Finira t-il par y croire le tisserand, qu’il est au sommet de son art ? S’endormira t-il ainsi sur des lauriers dont il n’a même pas encore vu les premières germinations ou s’interrogera t-il enfin sur le bien fondé de cette admiration de l’insecte volage ?
On pense pourtant difficilement librement à l’ombre d’un admirateur tant que, dans les cas extrêmes, c’est l’admirateur qui finit par créer la musique.
Pendant que la Mouche danse, le coche et les chevaux s’éreintent.
Et le tisserand sait-il que l’araignée, parfois, est terrassée par la Mouche qu’elle croyait prendre et pour laquelle elle avait tendu, d’une branche incertaine à l’autre, d’une herbe frivole à l’autre, un canevas de fines dentelles qu’arrosait le premier rayon d’un soleil humide ?
10:36 Publié dans Acompte d'auteur | Lien permanent | Commentaires (3) | Tags : littérature | Facebook | Bertrand REDONNET
Commentaires
Puissante et ambiguë, la métaphore de la toile : car c'est elle qui, au final, est censée survivre et à la mouche et à l'araignée
De toute façon, on n'y peut rien : c'est le lecteur, toujours (la mouche) qui l'emporte sur l'auteur (l'araignée) en disant (lisant) ce qu'il veut de l'oeuvre (la toile).

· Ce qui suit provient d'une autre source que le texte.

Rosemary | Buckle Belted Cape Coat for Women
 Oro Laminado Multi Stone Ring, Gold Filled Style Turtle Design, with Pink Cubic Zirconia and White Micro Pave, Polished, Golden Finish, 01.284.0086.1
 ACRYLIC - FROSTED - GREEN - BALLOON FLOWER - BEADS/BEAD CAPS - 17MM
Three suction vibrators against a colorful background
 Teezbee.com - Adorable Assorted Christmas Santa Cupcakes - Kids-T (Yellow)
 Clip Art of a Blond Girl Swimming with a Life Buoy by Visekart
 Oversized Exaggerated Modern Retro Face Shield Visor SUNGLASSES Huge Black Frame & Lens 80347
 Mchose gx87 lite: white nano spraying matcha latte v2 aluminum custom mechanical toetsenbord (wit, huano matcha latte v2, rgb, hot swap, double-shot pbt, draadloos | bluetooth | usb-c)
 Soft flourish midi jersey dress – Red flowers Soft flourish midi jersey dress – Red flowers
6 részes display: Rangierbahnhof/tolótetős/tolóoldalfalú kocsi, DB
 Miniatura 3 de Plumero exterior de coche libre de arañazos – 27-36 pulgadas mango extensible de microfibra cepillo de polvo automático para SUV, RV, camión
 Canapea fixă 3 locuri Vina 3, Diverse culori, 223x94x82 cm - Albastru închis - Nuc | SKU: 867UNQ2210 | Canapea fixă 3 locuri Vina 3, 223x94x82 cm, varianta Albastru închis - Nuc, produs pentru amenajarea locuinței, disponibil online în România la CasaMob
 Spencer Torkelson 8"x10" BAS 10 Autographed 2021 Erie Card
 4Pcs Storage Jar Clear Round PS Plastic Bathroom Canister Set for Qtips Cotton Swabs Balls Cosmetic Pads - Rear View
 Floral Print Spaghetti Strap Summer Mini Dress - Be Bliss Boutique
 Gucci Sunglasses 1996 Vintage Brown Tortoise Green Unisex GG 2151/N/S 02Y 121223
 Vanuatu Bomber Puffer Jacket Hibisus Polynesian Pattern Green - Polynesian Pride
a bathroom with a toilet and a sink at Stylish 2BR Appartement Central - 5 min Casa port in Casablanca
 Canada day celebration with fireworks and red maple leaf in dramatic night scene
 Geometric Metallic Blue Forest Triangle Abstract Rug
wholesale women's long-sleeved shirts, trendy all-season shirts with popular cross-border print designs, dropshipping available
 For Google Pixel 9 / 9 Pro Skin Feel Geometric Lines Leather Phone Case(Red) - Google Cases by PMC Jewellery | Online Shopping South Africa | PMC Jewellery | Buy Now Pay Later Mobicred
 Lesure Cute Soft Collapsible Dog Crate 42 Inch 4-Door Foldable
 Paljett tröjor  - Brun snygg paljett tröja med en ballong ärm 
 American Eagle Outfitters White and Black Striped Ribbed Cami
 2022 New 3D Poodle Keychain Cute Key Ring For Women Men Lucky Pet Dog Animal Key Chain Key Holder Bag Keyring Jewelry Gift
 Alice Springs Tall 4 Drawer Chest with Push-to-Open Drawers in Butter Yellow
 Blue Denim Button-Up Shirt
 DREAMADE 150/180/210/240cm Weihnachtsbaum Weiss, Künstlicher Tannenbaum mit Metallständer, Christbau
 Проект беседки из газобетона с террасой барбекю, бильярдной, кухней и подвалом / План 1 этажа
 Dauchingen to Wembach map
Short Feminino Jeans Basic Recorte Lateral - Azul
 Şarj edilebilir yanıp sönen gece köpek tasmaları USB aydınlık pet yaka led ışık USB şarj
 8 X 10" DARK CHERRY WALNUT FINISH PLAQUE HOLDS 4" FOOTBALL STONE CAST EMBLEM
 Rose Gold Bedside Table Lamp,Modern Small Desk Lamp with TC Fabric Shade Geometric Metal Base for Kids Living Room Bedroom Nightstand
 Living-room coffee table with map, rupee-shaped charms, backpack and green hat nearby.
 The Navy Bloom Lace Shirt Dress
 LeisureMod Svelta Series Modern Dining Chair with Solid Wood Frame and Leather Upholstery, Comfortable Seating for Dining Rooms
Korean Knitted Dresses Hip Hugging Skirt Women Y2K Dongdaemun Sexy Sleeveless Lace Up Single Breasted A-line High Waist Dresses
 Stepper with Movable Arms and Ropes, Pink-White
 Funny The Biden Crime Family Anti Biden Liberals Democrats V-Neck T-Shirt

Puisque la mouche dispose de ce privilège de venir toujours après l'araignée
Écrit par : solko | 12.09.2009
solko,votre commentaire m'a permis de relire ce texte avec une autre compréhension.
C'est original votre comparaison en final.
Écrit par : La Zélie | 12.09.2009
"Puisque la mouche dispose de ce privilège de venir toujours après l'araignée."
Là était exactement mon propos.
C'est double plaisir d'écrire quand on est ainsi lu.